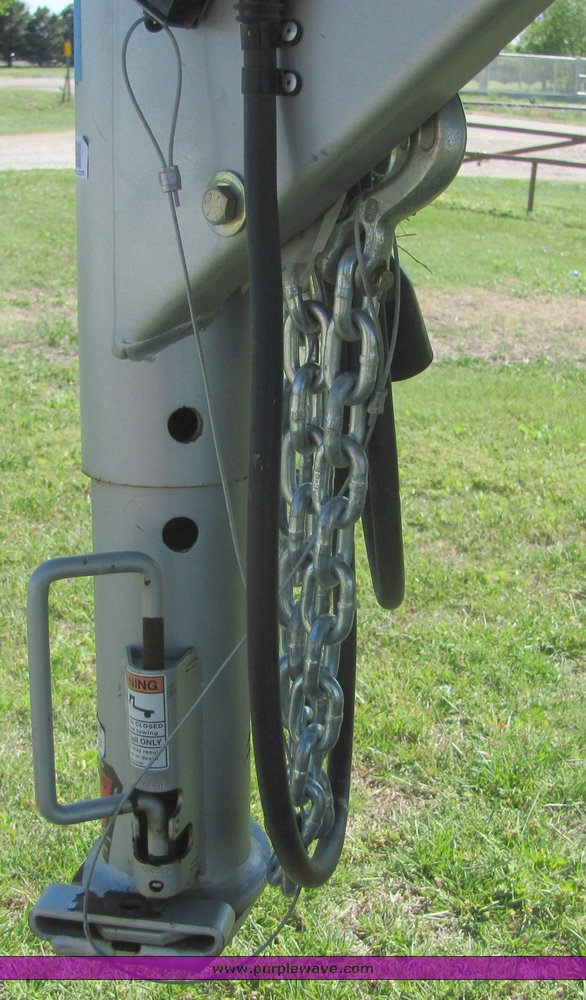 image for item 4567 2007 Feather Lite aluminum three horse slant trailer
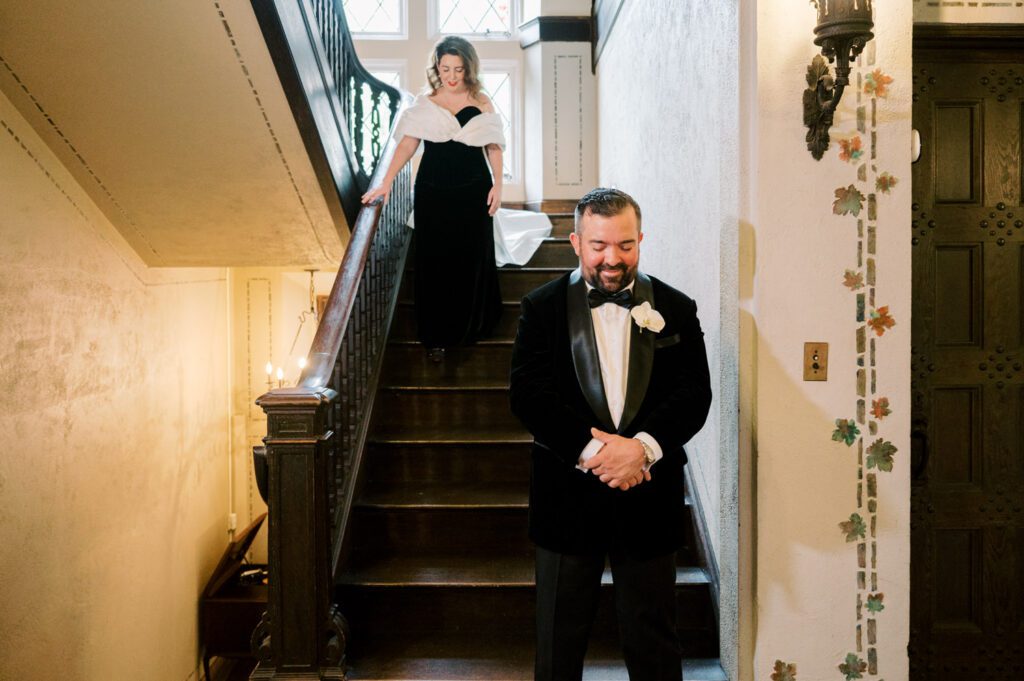 Kirsten and AJ’s September Wedding at Arrow Park, NY
Kirsten and AJ’s wedding day was a bit chilly and rainy, but their flexibility and positivity turned the day into a magical celebration. Originally planned for the garden, the ceremony was moved indoors due to the autumn rain. The staff at Arrow Park seamlessly transitioned the setup to the mansion’s main floor, creating an intimate and elegant ceremony space. The historic charm of the mansion, with its grand details and warm ambiance, added a cozy, romantic touch to their special day.
Kirsten, a talented fashion designer, surprised everyone—including her groom, AJ—by wearing a stunning black velvet strapless dress with an oversized white bow draping dramatically down the back. She designed the dress herself, and it was a show-stopper that perfectly reflected her unique style. The ceremony was heartfelt and personal, with family and friends gathering close to witness Kirsten and AJ’s vows.
After the ceremony, the main mansion was transformed to host a lively cocktail hour. Guests mingled and enjoyed delicious hors d'oeuvres while the reception space in the pavilion was being prepared. Kirsten and AJ’s attention to detail shone through in their décor choices, including the black-and-white checkered flooring that gave the pavilion a retro vibe. It was a perfect blend of modern chic and classic sophistication.
The reception began with Kirsten and AJ’s grand entrance, greeted by cheers from their guests. Their first dance was sweet and endearing, setting the tone for a night of joy and celebration. As the evening progressed, the party ramped up with enthusiastic dancing, heartfelt toasts, and even a surprise performance—a few uncles took the mic for an impromptu rap song that brought the house down.
Arrow Park provided the perfect backdrop for Kirsten and AJ’s wedding. With its blend of natural beauty and historic architecture, it’s an ideal venue for couples seeking a mix of indoor and outdoor spaces. The mansion offers a timeless elegance, while the pavilion provides a versatile setting for larger receptions.
Planning Tips for Future Couples at Arrow Park:
1. Have a Rain Plan: September weather can be unpredictable, so work with the Arrow Park staff to plan for both indoor and outdoor options. The mansion’s interiors provide a stunning alternative for ceremonies or cocktail hours.
2. Maximize the Pavilion: The pavilion’s spacious layout can accommodate various themes and setups. Consider unique flooring, lighting, or drapery to make the space your own.
3. Embrace the Venue’s Charm: Use the mansion’s historic features—like the fireplaces and vintage decor—as part of your wedding aesthetic. It’s a built-in backdrop that needs little embellishment.
4. Plan Time for Photos: Arrow Park’s grounds are breathtaking, especially in the fall. Schedule time with your photographer to capture the beauty of the lake, gardens, and mansion.
Kirsten and AJ’s wedding was a true testament to the power of creativity, adaptability, and love. Their celebration at Arrow Park was unforgettable, and I’m grateful to have been a part of their special day.
Thankful for all the wedding vendors that made this day possible:⁠
Venue: @arrowparkny
Catering: @lovenrosemary
Kirsten and AJ Arrow Park NY Wedding documented by Karis from Hey Karis New York, Brooklyn, Hudson Valley NY and Catskills NY and NJ Wedding and NYC Elopement Photographer.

◆ ◆ ◆ ◆ ◆ ◆ ◆

(Instructions to follow):
Leave the pictures out and reproduce exactly the lines from the top of the listing above through the line with "Kirsten and AJ’s September".

(Final answer):
 image for item 4567 2007 Feather Lite aluminum three horse slant trailer
 Kirsten and AJ’s September Wedding at Arrow Park, NY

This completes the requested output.